God’s So Good at Teaching Us Humility

Wednesday afternoon, I got some of the most awesome news of my life.

My publisher of choice – the one that caused the initial spark of an idea for even writing fiction – is going to offer me a contract to publish my book!!!!

To say I was excited would be a major understatement. Jubilant, elated, ecstatic… leaping around the kitchen while screaming my head off… that would begin to describe my reaction.
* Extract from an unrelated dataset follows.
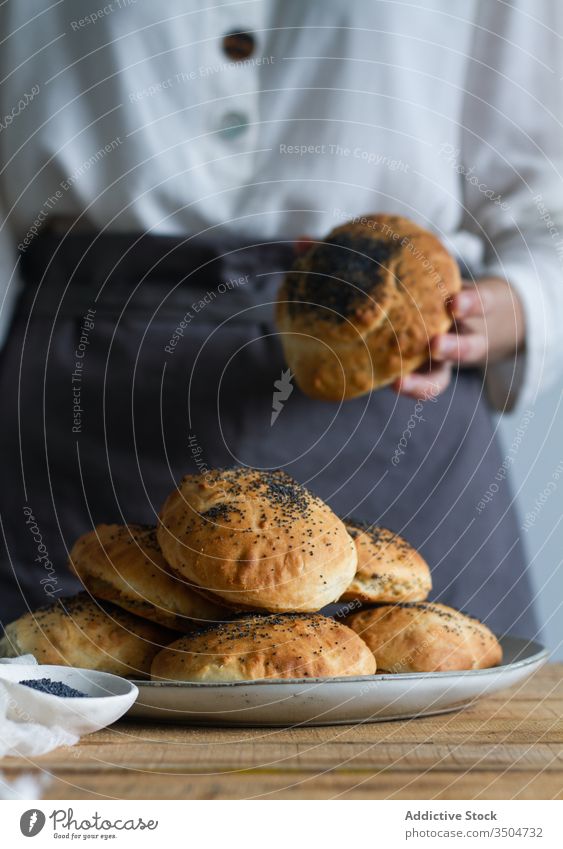 Pflanzenkoch mit frischen Brötchen Küchenchef Bäckerei Mohn Teller Samen Tisch vorbereiten Gebäck Lebensmittel lecker geschmackvoll Mahlzeit süß kulinarisch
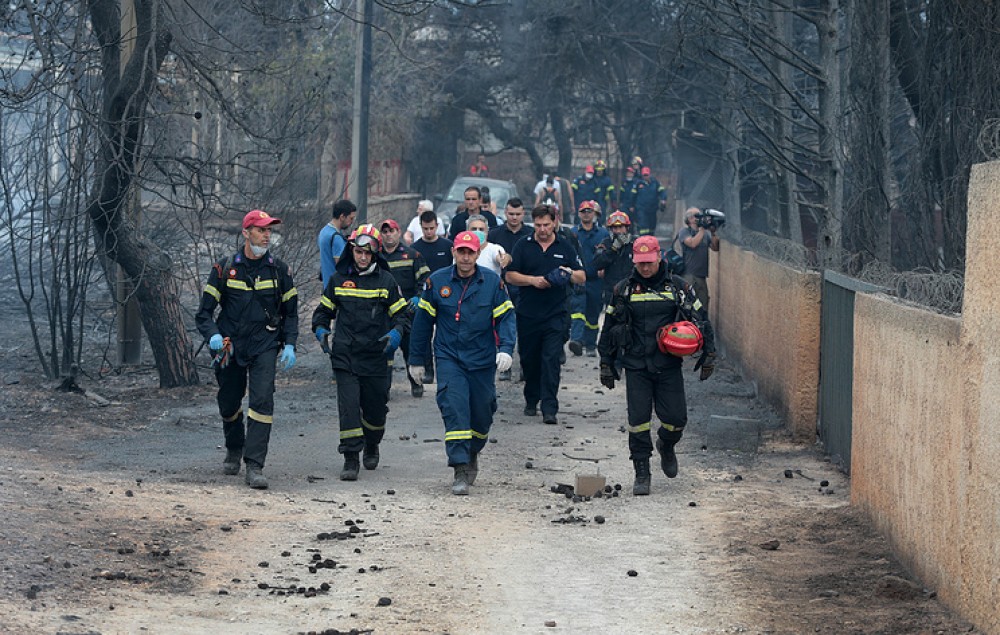 Death toll in wildfires near Athens rises to 74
I called Ray, sent a text to my sisters and parents, and an email to my prayer warrior mom’s group, whose prayers I had requested for the book.  I reveled in the glory while I prepared a quick lunch and got us ready to run a few errands. Published! I am going to be published! My name is going to be on the front of a book cover, my picture on the back. Words that I wrote will be available for sale across the United States… and beyond!
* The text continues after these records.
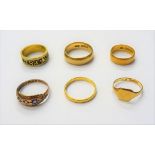 Two 22ct gold wedding rings, combined weight 7 gms, two 18ct gold rings, combined weight 11.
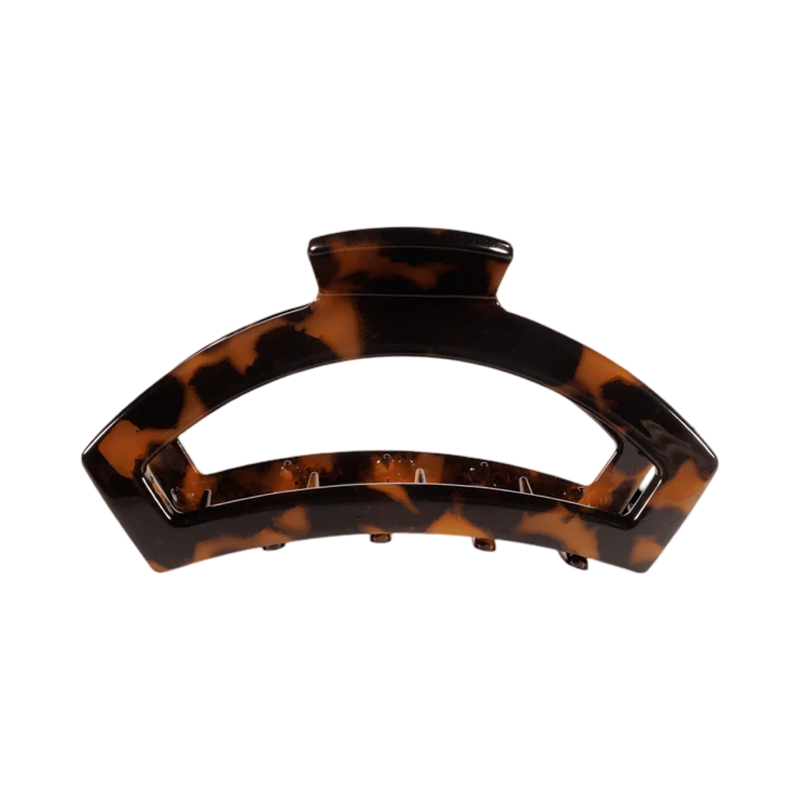 Tortoiseshell patterned hair clip on a white background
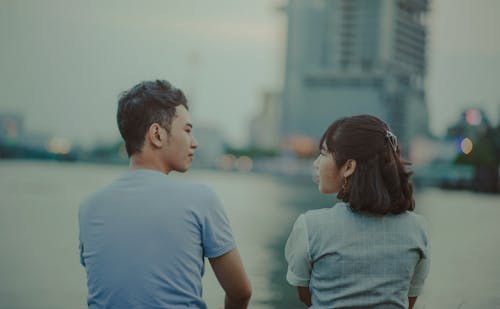 Man and Woman Facing Body of Water and Building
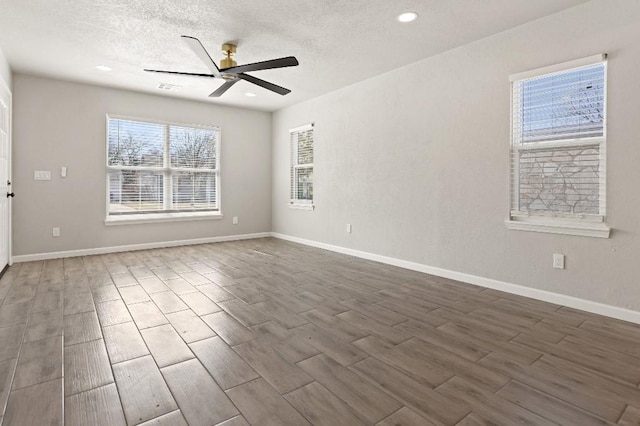 empty room with baseboards, a ceiling fan, dark wood-style flooring, a textured ceiling, and recessed lighting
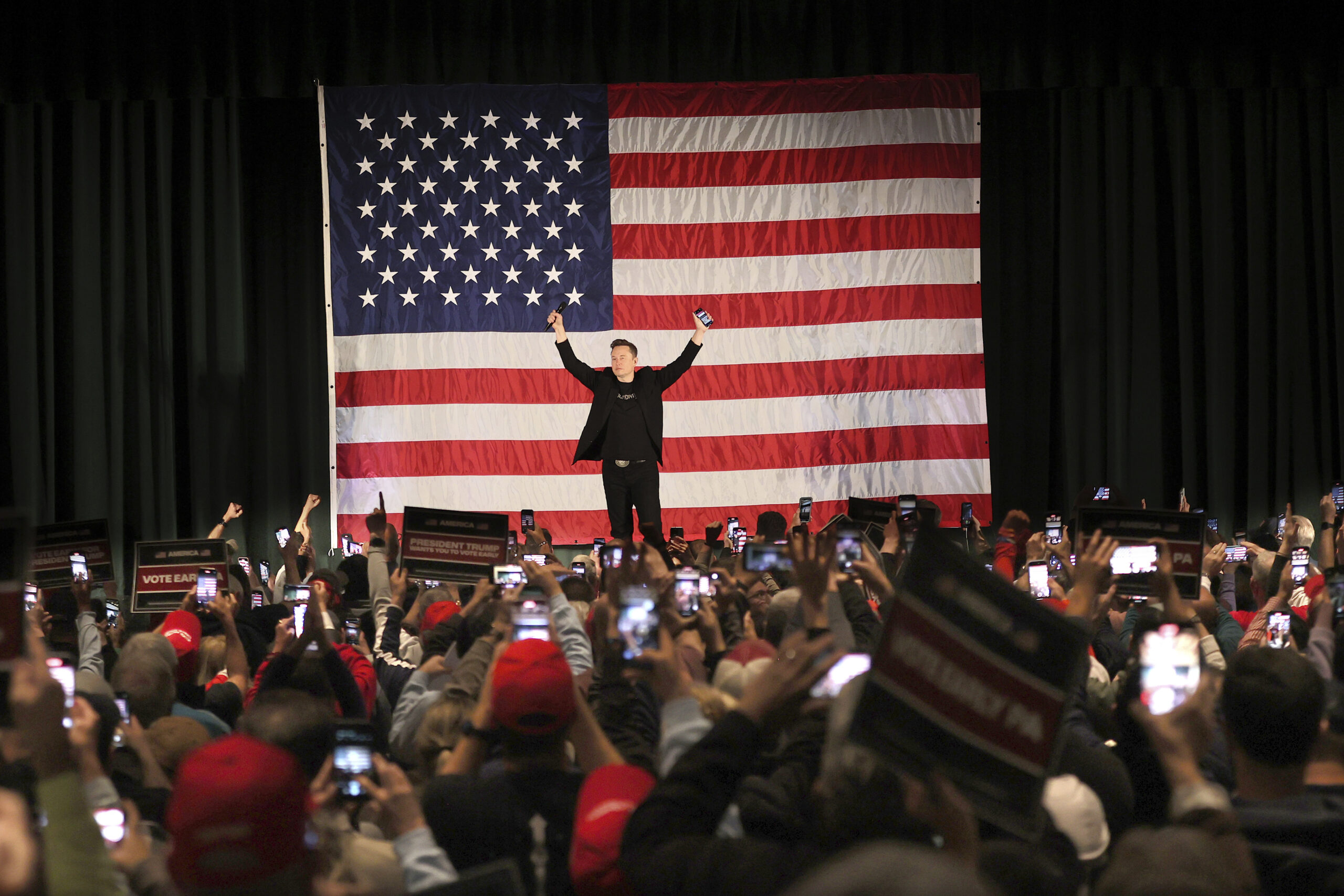 Elon Musk leads a America PAC Town Hall in Delaware County, Pa., at Ridley High School on Thursday,...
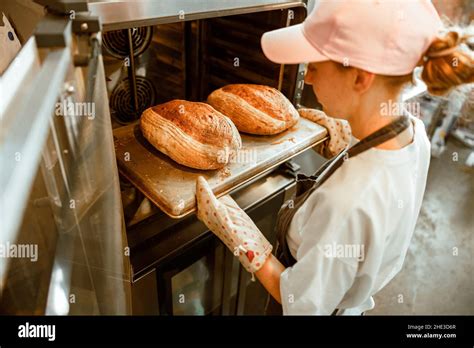 Woman in pink cap takes breads out of oven in craft bakery workshop ...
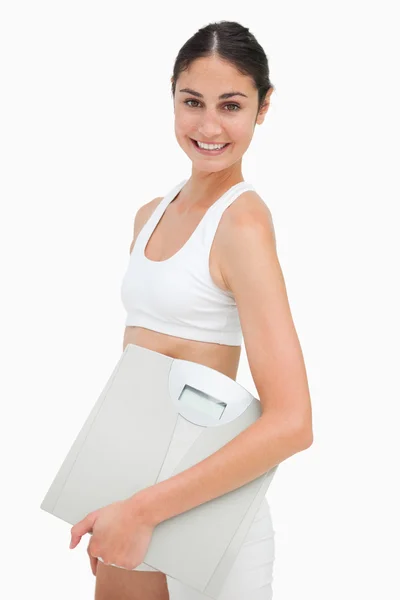 Portrait of a slim young woman holding a scales — Stock Photo, Image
I beamed my way through getting Boo into the car and off we were on our way to the stores. I forgot one thing… in the midst of a huge fit, during which Boo was demanding the Kindle Fire, I had placed the device in question on top of my car. I was taking the dog out, and it was the one handy place I could think of that she wouldn’t attempt to climb to in order to get her desired toy. This happened about five minutes before that wonderful email from the publisher, and I just completely spaced it.

Fast forward an hour and a half, and we’re driving down a country road when I hear “Ker klunk, ker klunk!” from the top of my car. Bewildered, I looked in my side view mirror just in time to see something black fly from my car to the side of the road. The Kindle.

I turned the car around and parked in the driveway of the home whose yard I thought I was passing at the time. I climbed out of the car and began to look . Unfortunately, the area is hopelessly overgrown, and I had no idea whether to look up, or to look down. Did the Kindle have enough lift coming off of the car that it could have caught on a tree branch? Or was it more likely to be in a ditch? Was it lodged under the pile of dead branches, or had it made it further beyond the tree line? I had no idea.

The kind home owner happened to come down the driveway, having already planned to work on cleaning the area up that afternoon, and he helped in the search for a while. After a humbling half hour spent walking up and down the roadside, picking through branches and trash, all while wearing a skirt and sandals, I finally had to give up. I gave the kind man my phone number, just in case (and because I’m in the habit of giving strange men my number), and drove off, now in a rush to complete my shopping before a scheduled meeting.

I’ve long recognized that humility is an area for growth for me, as I’ve mentioned once or twice. As I’ve prayed for the successful publication of this book, I’ve tried to remember to also pray that God would keep me humble through the process, remembering always that they aren’t really my words, but His, that it wasn’t my idea, but the Spirit’s, and that, without God, I can do nothing.

My losing the Kindle, feeling embarrassed as I searched high and low on a rather busy country road, and having to confess the loss to the children… and Ray… that was God’s way of saying, “I’ve got this Steph. One way or another, child, I’ll keep reminding you that you’re not all that. In fact, my beloved daughter, you are nothing… without Me.”

Thanks, God. Got it. For now, at least.